**BRIEF**
The data should be printed again, exactly.

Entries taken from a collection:

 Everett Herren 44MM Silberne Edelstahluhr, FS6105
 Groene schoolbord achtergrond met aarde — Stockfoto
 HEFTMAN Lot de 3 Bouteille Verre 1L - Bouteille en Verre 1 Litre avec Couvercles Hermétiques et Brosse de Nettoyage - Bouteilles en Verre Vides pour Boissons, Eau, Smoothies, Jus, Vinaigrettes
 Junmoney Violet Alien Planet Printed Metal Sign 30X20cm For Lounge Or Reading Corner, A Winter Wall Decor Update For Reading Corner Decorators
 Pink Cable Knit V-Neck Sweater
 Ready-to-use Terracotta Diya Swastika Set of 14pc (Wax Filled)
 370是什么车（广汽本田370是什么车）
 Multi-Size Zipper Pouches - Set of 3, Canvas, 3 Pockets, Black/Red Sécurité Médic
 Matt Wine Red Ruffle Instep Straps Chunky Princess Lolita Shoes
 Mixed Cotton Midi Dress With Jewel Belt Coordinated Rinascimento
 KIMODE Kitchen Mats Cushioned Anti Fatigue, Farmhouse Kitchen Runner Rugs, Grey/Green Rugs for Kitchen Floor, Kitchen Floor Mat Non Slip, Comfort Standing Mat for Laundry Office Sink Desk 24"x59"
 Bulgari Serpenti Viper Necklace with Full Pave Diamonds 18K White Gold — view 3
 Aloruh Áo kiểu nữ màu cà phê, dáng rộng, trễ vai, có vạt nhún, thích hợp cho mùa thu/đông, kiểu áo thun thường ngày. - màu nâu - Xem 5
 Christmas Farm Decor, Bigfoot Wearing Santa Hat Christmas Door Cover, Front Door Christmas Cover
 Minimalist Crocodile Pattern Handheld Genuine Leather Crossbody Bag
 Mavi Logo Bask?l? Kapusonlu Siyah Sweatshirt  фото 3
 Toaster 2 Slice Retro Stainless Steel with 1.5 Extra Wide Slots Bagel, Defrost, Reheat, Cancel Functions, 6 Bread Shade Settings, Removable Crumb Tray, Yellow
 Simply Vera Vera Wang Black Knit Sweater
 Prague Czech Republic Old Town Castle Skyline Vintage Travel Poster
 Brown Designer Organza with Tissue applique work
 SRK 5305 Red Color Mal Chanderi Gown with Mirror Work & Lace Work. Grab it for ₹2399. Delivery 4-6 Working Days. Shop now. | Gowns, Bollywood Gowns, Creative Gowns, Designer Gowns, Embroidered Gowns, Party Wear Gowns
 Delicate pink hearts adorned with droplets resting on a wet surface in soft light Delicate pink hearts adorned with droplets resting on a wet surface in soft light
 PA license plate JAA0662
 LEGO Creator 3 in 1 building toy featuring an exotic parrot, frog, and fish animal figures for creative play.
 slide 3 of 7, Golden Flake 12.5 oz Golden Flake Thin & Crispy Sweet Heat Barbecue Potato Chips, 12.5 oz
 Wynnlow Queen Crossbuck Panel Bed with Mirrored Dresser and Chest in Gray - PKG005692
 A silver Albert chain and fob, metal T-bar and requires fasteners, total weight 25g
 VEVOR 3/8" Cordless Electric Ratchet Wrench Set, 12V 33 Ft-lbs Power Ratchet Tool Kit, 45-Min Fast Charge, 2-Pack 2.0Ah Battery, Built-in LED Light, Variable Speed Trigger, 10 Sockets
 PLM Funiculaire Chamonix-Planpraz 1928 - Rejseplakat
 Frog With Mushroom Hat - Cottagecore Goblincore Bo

**WRITTEN SOLUTION**
 Everett Herren 44MM Silberne Edelstahluhr, FS6105
 Groene schoolbord achtergrond met aarde — Stockfoto
 HEFTMAN Lot de 3 Bouteille Verre 1L - Bouteille en Verre 1 Litre avec Couvercles Hermétiques et Brosse de Nettoyage - Bouteilles en Verre Vides pour Boissons, Eau, Smoothies, Jus, Vinaigrettes
 Junmoney Violet Alien Planet Printed Metal Sign 30X20cm For Lounge Or Reading Corner, A Winter Wall Decor Update For Reading Corner Decorators
 Pink Cable Knit V-Neck Sweater
 Ready-to-use Terracotta Diya Swastika Set of 14pc (Wax Filled)
 370是什么车（广汽本田370是什么车）
 Multi-Size Zipper Pouches - Set of 3, Canvas, 3 Pockets, Black/Red Sécurité Médic
 Matt Wine Red Ruffle Instep Straps Chunky Princess Lolita Shoes
 Mixed Cotton Midi Dress With Jewel Belt Coordinated Rinascimento
 KIMODE Kitchen Mats Cushioned Anti Fatigue, Farmhouse Kitchen Runner Rugs, Grey/Green Rugs for Kitchen Floor, Kitchen Floor Mat Non Slip, Comfort Standing Mat for Laundry Office Sink Desk 24"x59"
 Bulgari Serpenti Viper Necklace with Full Pave Diamonds 18K White Gold — view 3
 Aloruh Áo kiểu nữ màu cà phê, dáng rộng, trễ vai, có vạt nhún, thích hợp cho mùa thu/đông, kiểu áo thun thường ngày. - màu nâu - Xem 5
 Christmas Farm Decor, Bigfoot Wearing Santa Hat Christmas Door Cover, Front Door Christmas Cover
 Minimalist Crocodile Pattern Handheld Genuine Leather Crossbody Bag
 Mavi Logo Bask?l? Kapusonlu Siyah Sweatshirt  фото 3
 Toaster 2 Slice Retro Stainless Steel with 1.5 Extra Wide Slots Bagel, Defrost, Reheat, Cancel Functions, 6 Bread Shade Settings, Removable Crumb Tray, Yellow
 Simply Vera Vera Wang Black Knit Sweater
 Prague Czech Republic Old Town Castle Skyline Vintage Travel Poster
 Brown Designer Organza with Tissue applique work
 SRK 5305 Red Color Mal Chanderi Gown with Mirror Work & Lace Work. Grab it for ₹2399. Delivery 4-6 Working Days. Shop now. | Gowns, Bollywood Gowns, Creative Gowns, Designer Gowns, Embroidered Gowns, Party Wear Gowns
 Delicate pink hearts adorned with droplets resting on a wet surface in soft light Delicate pink hearts adorned with droplets resting on a wet surface in soft light
 PA license plate JAA0662
 LEGO Creator 3 in 1 building toy featuring an exotic parrot, frog, and fish animal figures for creative play.
 slide 3 of 7, Golden Flake 12.5 oz Golden Flake Thin & Crispy Sweet Heat Barbecue Potato Chips, 12.5 oz
 Wynnlow Queen Crossbuck Panel Bed with Mirrored Dresser and Chest in Gray - PKG005692
 A silver Albert chain and fob, metal T-bar and requires fasteners, total weight 25g
 VEVOR 3/8" Cordless Electric Ratchet Wrench Set, 12V 33 Ft-lbs Power Ratchet Tool Kit, 45-Min Fast Charge, 2-Pack 2.0Ah Battery, Built-in LED Light, Variable Speed Trigger, 10 Sockets
 PLM Funiculaire Chamonix-Planpraz 1928 - Rejseplakat
 Frog With Mushroom Hat - Cottagecore Goblincore Bo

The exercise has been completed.